South American rugs, Oriental art, caged songbirds--and books in various
languages, including their own translations from Latin of an important
16th-century volume on mining. All of which helped Lou Hoover transform
the broad, bare hall on the second floor into an inviting reception area
for guests.
To the White House from Hyde Park, New York, Franklin and Eleanor
Roosevelt shipped some of their sturdy handcrafted furniture and a
wheelchair that would carry the President along the family corridor.
During the Trumans'
time, the second floor held three pianos--appropriate
symbols of the close harmony that characterized the family from
Independence, Missouri. One piano stood in the oval room that was then
the President's study; Margaret practiced on another in her sitting room,
where she also kept her record collection, while a third--a spinet in the
hall--was often used for duets.
A few years later, when friends of President Eisenhower
visited him in the upstairs oval room, which he, too, used as a study,
they found displayed there a fascinating array of military and civilian
awards, decorations, swords, and other gifts presented by world leaders.

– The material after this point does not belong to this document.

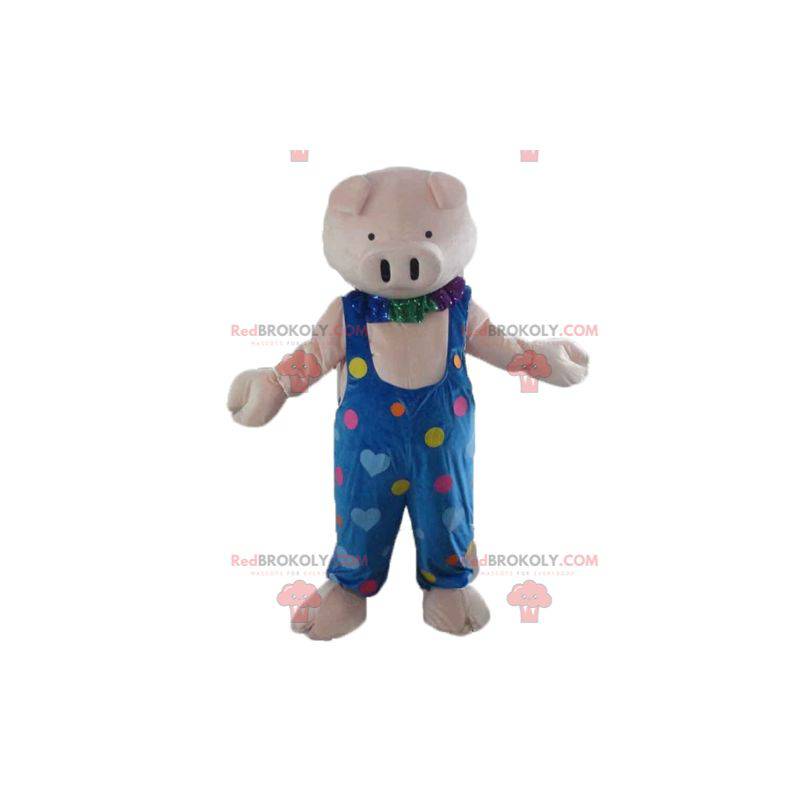 Mascota de cerdo rosa con un mono azul con corazones de colores Mascota de cerdo rosa con un mono azul con corazones de colores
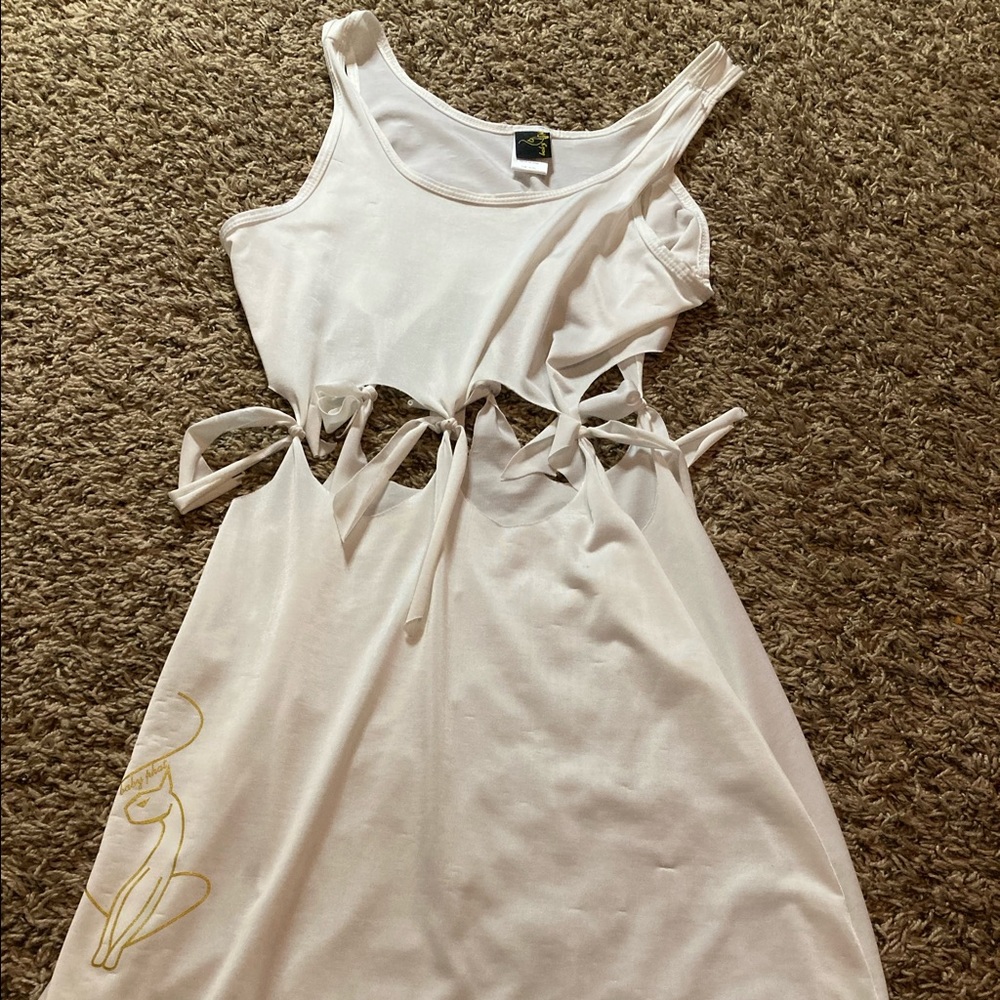 Baby phat dress. Never worn . White and gold. Size M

In his book The White House Years, the President wrote that he
received visitors in the study "informally in the evening, whenever a
somewhat homier atmosphere than could be obtained in my office was
desirable."
After the Eisenhowers and the President's prized souvenirs went their
separate ways, the changing scenes on the family floor continued to mirror,
in colors and furnishings, tastes and activities of each new group of
White House occupants.
Mrs.
Eisenhower's feminine and frilly decor, with its
"Mamie pink" accents in flowered slipcovers and draperies, gave way to
Mrs.
Kennedy's light-blue curtains and blue-and-white furnishings that showed
to advantage against plain off-white walls in the private bedroom and
sitting-room areas. American period pieces, French antiques, and
valuable art objects began to appear in various places: the sitting halls
that share the wide corridor; the Queens' and Lincoln Bedrooms, where
visiting royalty had slept; and what was called the Treaty Room, then
decorated in Victorian style. They gave visible evidence of Jacqueline
Kennedy's program to restore the White House furnishings that awaken a
feeling of the historical past.
The Yellow Oval Room on the second floor has had the same color and Louis
XVI furnishings, and has served the same functions, for the last seven
administrations. Mrs. Kennedy turned this room
into a formal drawing room, and it has proved to be the most suitable
place in the house to
entertain state guests before dinners or luncheons given in their honor.